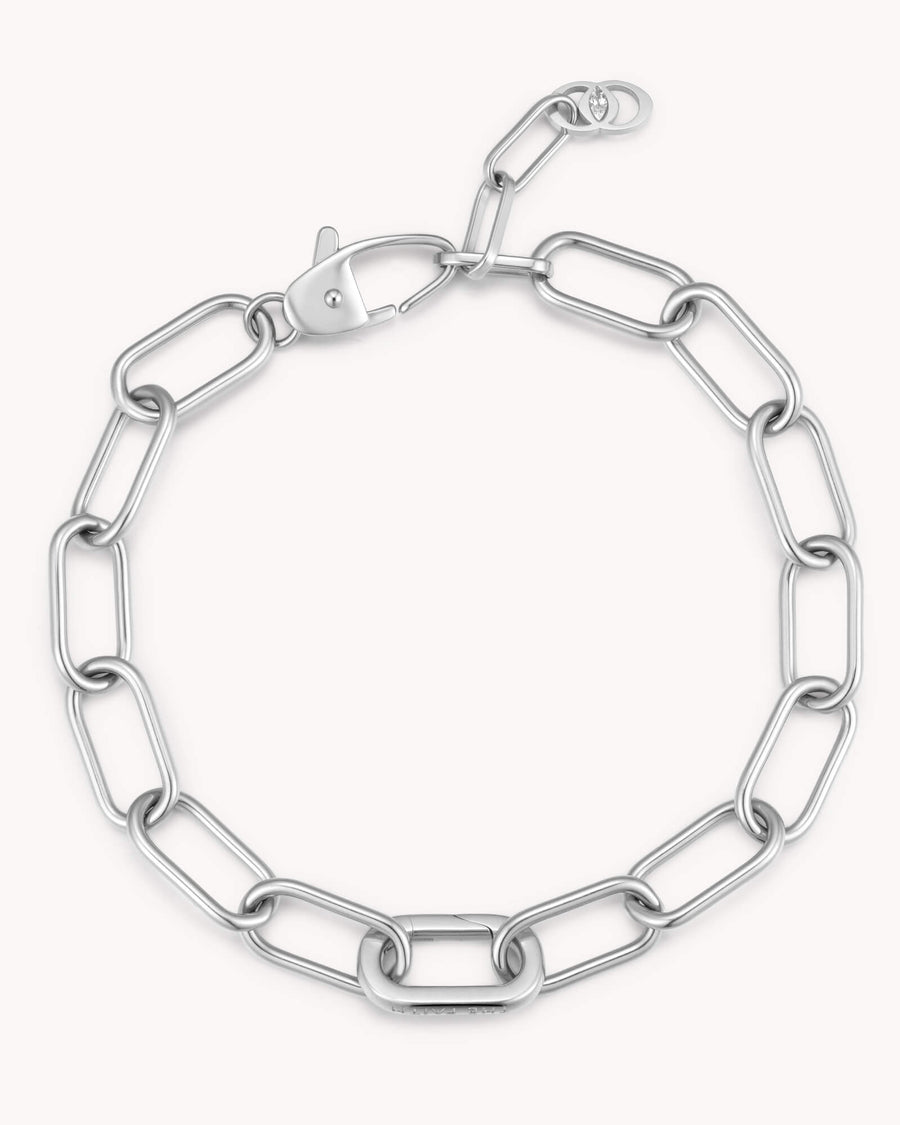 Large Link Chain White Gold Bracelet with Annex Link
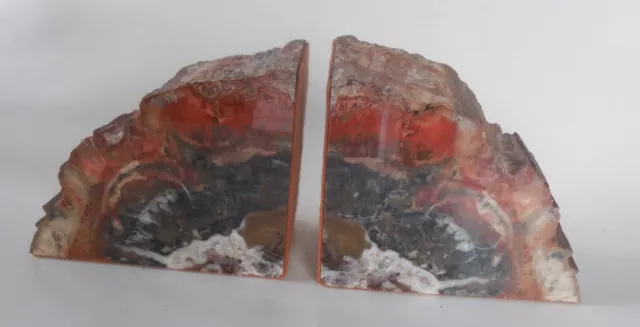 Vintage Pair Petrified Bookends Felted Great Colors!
---
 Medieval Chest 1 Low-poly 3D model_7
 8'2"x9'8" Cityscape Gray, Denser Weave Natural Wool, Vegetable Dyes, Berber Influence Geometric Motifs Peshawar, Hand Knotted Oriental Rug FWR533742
--
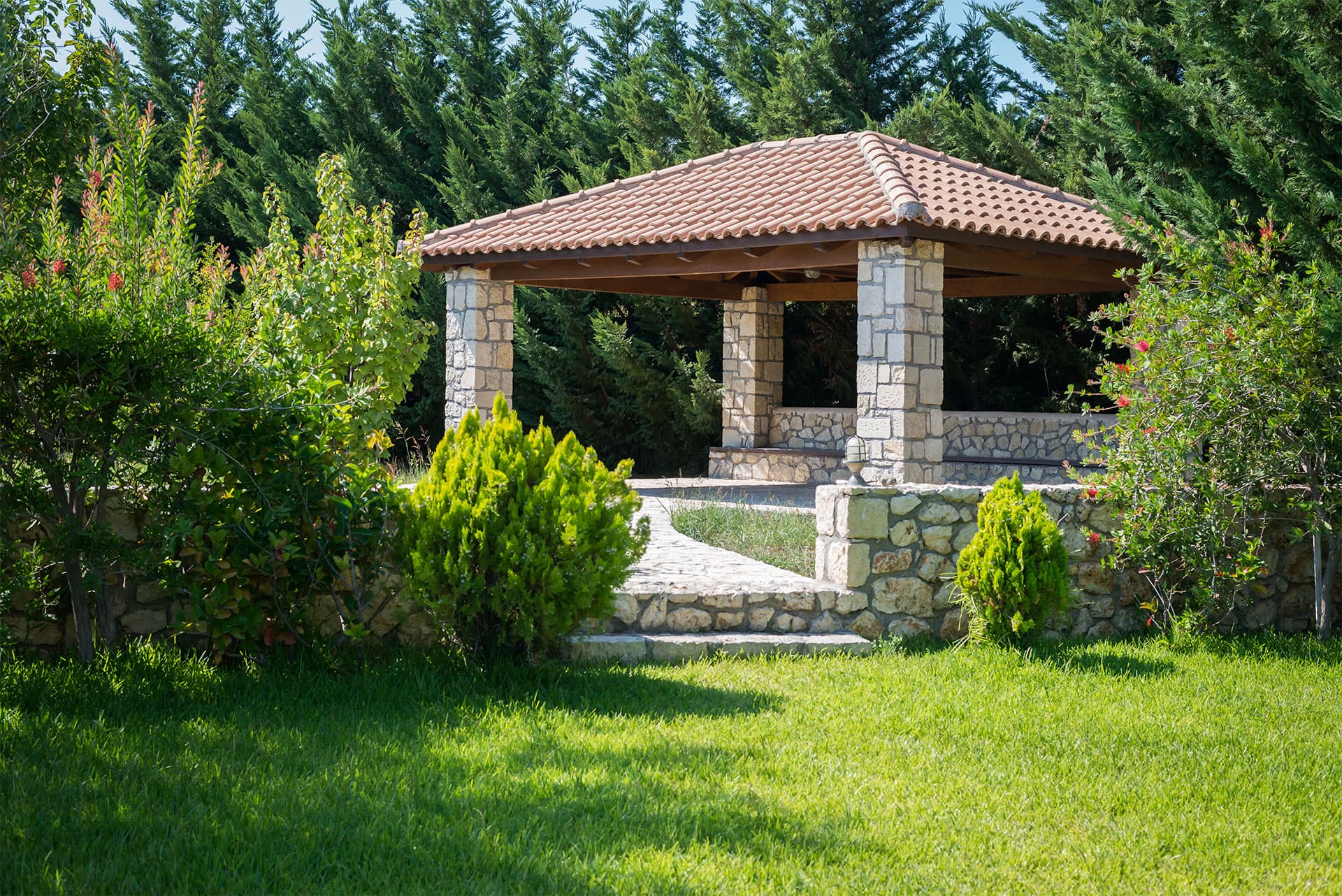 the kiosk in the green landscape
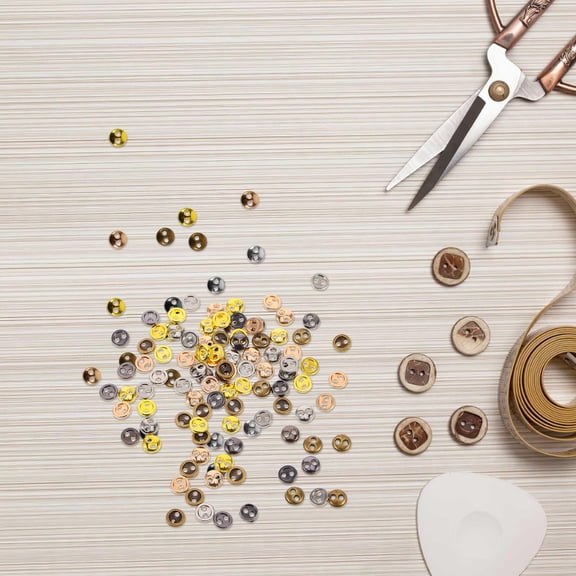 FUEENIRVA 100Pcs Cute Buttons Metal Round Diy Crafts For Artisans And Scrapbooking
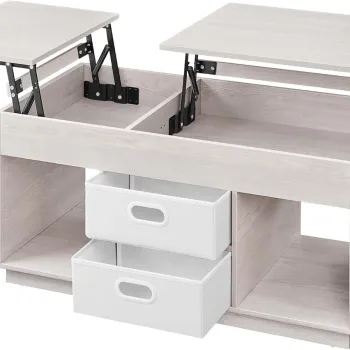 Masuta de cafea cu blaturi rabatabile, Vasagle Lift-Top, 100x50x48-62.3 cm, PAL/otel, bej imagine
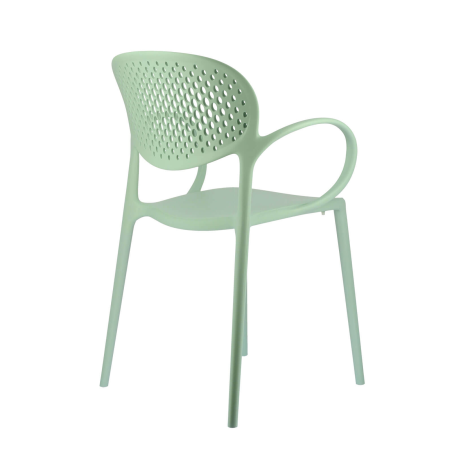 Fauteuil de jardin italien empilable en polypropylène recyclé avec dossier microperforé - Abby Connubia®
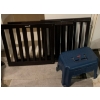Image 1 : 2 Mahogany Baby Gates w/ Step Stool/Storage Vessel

→ **WHAT TO PRODUCE**: Using the entries above, output exactly the lines between the line holding "Medieval Chest 1 Low-poly 3D model_7" and the line holding "Oriental Rug FWR533742", end lines included, and nothing more.

→ **RESPONSE TO THE EXERCISE**:
 Medieval Chest 1 Low-poly 3D model_7
 8'2"x9'8" Cityscape Gray, Denser Weave Natural Wool, Vegetable Dyes, Berber Influence Geometric Motifs Peshawar, Hand Knotted Oriental Rug FWR533742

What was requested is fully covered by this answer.